Legless frogs regrow leg-like limbs in new experiment
To stimulate regrowth in a creature that does not regenerate naturally, such as an adult frog or a human, researchers have experimented with stem cell implants or gene therapy. But these methods can be extremely complicated to implement, Dr. Murugan said.
A simpler approach, Dr. Levin suggested, is to trigger the animal’s body and cells to regenerate the limb.
To do this, the researchers had to create a protected environment around the wound to inhibit healing in the early stages of tissue repair – “to convince every cell in there that, ‘OK, we’re on the growth program of the legs'”. said Dr. Levin.
They made a wearable silicone cap called the BioDome, which was filled with a silk protein hydrogel. Dr. Murugan researched every commercially available drug known to promote regeneration before settling for a mix of five to load into the BioDome and release onto the wound.

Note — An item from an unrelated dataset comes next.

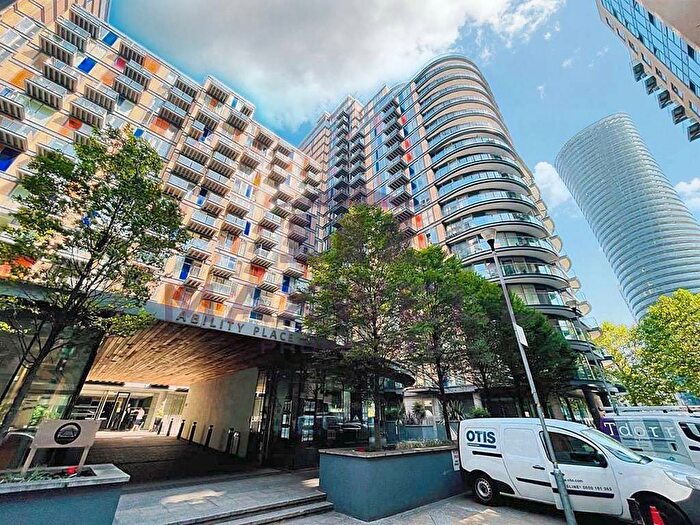 Studio To Rent In Millharbour, London, E14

In 2017, researchers began what would become an 18-month experiment. On the first day of the experiment, then-graduate student Annie Golding and researcher Quang L. Pham created the cocktail of drugs and BioDomes. Dr. Murugan – along with a technician, Kelsie Miller, and an undergraduate student, Hannah Vigran – performed 13 hours of surgery on 115 anesthetized female frogs.
For a year and a half, the frogs ate and swam under the supervision of an aquaculture technician, Erin Switzer, while the researchers waited patiently.
After about four months, the limbs of the frogs began to diverge, depending on which experimental group they were in, Dr Murugan said.